GPU / high-memory jobs¶

The cluster currently includes 1 node with 2x A100 Nvidia GPUs and 4 TB of RAM, and 3 nodes with 2x H100 Nvidia GPUs and 2 TB of RAM. We refer to these as the GPU and/or high-memory nodes, and this page describes how to use them.

These nodes are intended for tasks that make use of GPUs, and for individual jobs that require more than the 2 TB of RAM available on the regular compute nodes.

Running jobs on the GPU / high-memory node¶

By default, jobs submitted via Slurm will only run on regular nodes, even if you ask for more than 2 TB of RAM or ask for a GPU. Attempting to run such a task will instead result in a Requested node configuration is not available error message.

This is because the GPU / high-memory node is located on its own queue, to in order prevent normal use of the cluster from blocking access to these resources. You must therefore select use the option --partition=gpuqueue to select the correct queue. This might look as follows in a sbatch script:

#!/bin/bash
#SBATCH --partition=gpuqueue

my-memory-hungry-command

While running on the GPU queue, you can reserve up to 3920 GB of RAM and up to two GPUs (see below) per job. The GPU / high-memory nodes otherwise use the same defaults as the other nodes (~16 GB of RAM per CPU reserved).

For example, to run a job using 2.5 TB of RAM on the GPU / high-memory node:

#!/bin/bash
#SBATCH --partition=gpuqueue
#SBATCH --mem 2560G

my-memory-hungry-command

This script can then be submitted as usual:

$ sbatch my_hi_mem_job.sh
Submitted batch job 217217

See the Basic Slurm jobs and Advanced Slurm jobs pages for information about reserving additional CPUs, more RAM, and for setting other Slurm settings for your jobs.

We ask that you do not reserve all available CPUs or all RAM on the GPU / high-memory node, unless it is actually required for your analyses, since leaving some unused resources permits other users to utilize the GPUs while your tasks are running.

Reserving GPUs¶

Requesting GPUs is done with the --gres option and also requires that using the --partition=gpuqueue option to select the correct queue, as described above. This might look as follows in a sbatch script:

#!/bin/bash
#SBATCH --partition=gpuqueue --gres=gpu:1

nvidia-smi -L

The --gres=gpu:1 in the above asks Slurm to make 1 GPU available to our job. This can be increased to 2 to reserve both GPUs on the node, but because of the limited number of GPUs we ask that you only reserve 1 GPU per job, which is normally also more efficient.

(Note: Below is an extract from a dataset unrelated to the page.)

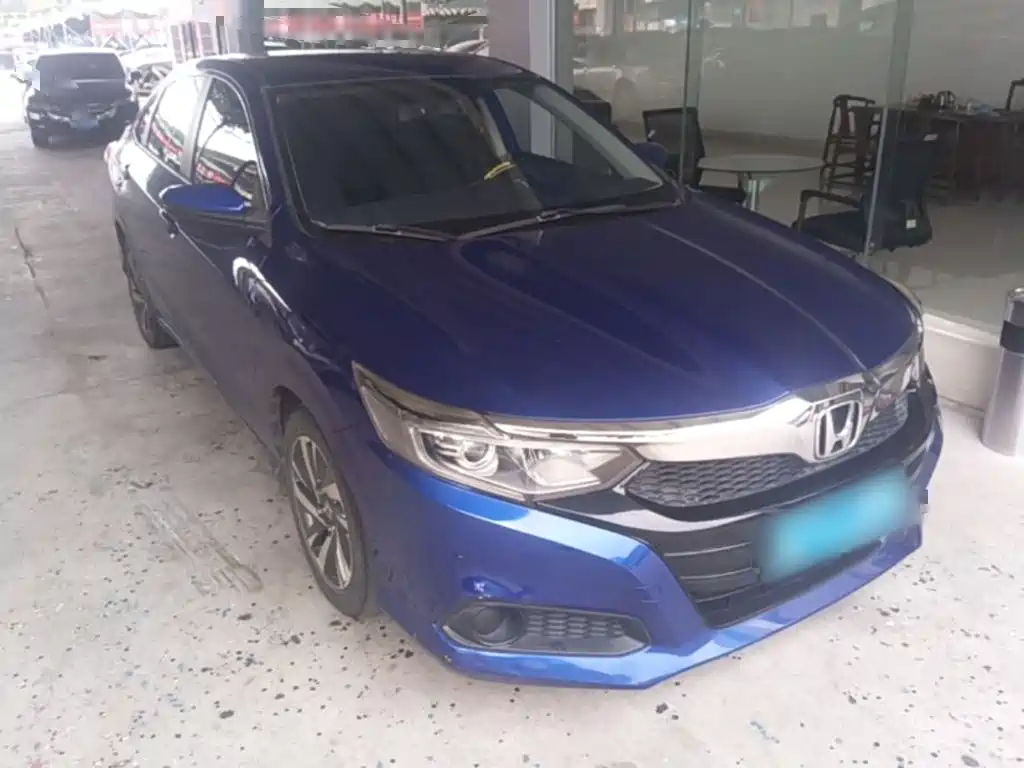 Honda Crider — миниатюра 4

This script can then be submitted as usual:

$ sbatch my_gpu_job.sh
Submitted batch job 217218
$ cat slurm-217218.out
GPU 0: NVIDIA A100 80GB PCIe (UUID: GPU-4f2ff8df-0d18-a99b-9fb8-67aa0867f7a3)

Requesting specific GPUs¶

As indicated above, the GPU nodes includes both Nvidia H100 and A100 GPUs. By default, your job will be assigned to the first idle GPU(s), but it is also possible to request a specific GPU type.

To request an A100 GPU, replace the --gres=gpu:1 option with --gres=gpu:a100:1, and to request an H100 GPU, replace the --gres=gpu:1 option with --gres=gpu:h100:1. For example,

#!/bin/bash
#SBATCH --partition=gpuqueue --gres=gpu:h100:1

nvidia-smi -L

This script can then be submitted as usual:

$ sbatch my_h100_job.sh
Submitted batch job 217219
$ cat slurm-217219.out
GPU 0: NVIDIA H100 NVL (UUID: GPU-c43d0655-2d15-7e66-90b3-9b732a1d13ba)

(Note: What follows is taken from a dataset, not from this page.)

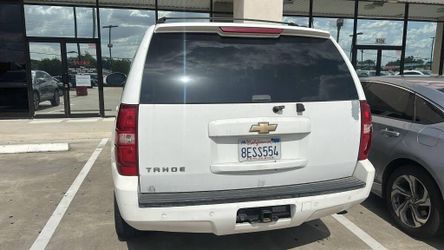 2007 Chevrolet Tahoe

We recommend looking at current GPU utilization before submitting your job, as any time saved by running on a faster (H100) GPU may be lost from having to wait for them to be idle. See slurmboard utility described in the Monitoring the cluster section provides a simple way to see GPU reservations.

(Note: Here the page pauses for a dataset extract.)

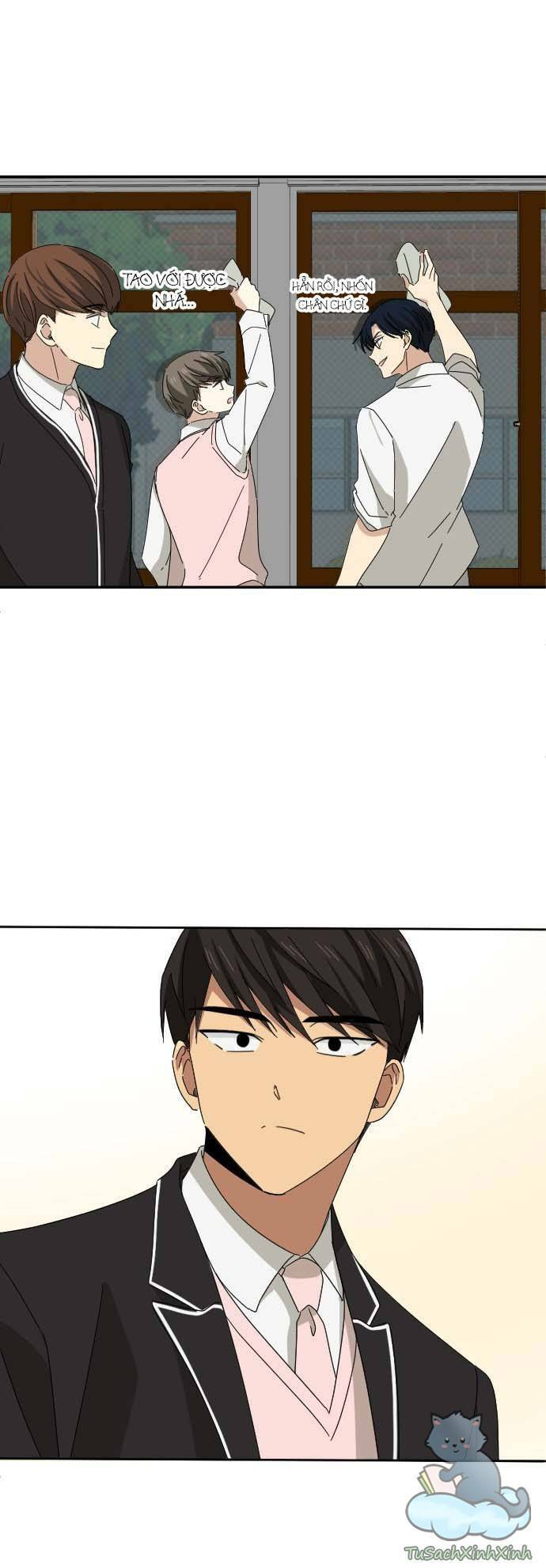 Bạn Của Em Trai Chapter 7 - 21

Running an interactive session¶

While it is possible to run an interactive session on the GPU / high-memory node, we ask that you limit the usage of such sessions as much as possible. If at all possible, prefer using sbatch or non-interactive srun instead. This ensures that the resources are available for use when you (or other users) are not actively using them.

To start an interactive session using a GPU you simply apply the same --partition and (optionally) the same --gres options as above if you need a GPU, as well as other resource options described in the Reserving resources section:

$ srun --pty --partition=gpuqueue -- /bin/bash

See the Interactive sessions section for information about interactive sessions, including information about running programs with graphical interfaces.

Warning

Interactive sessions left running on the GPU node may be terminated without warning.

Monitoring GPU utilization¶

Please see the Monitoring GPU utilization section on the Monitoring slurm jobs page.

Troubleshooting¶

Error: Requested node configuration is not available¶

See the Slurm Basics Troubleshooting section.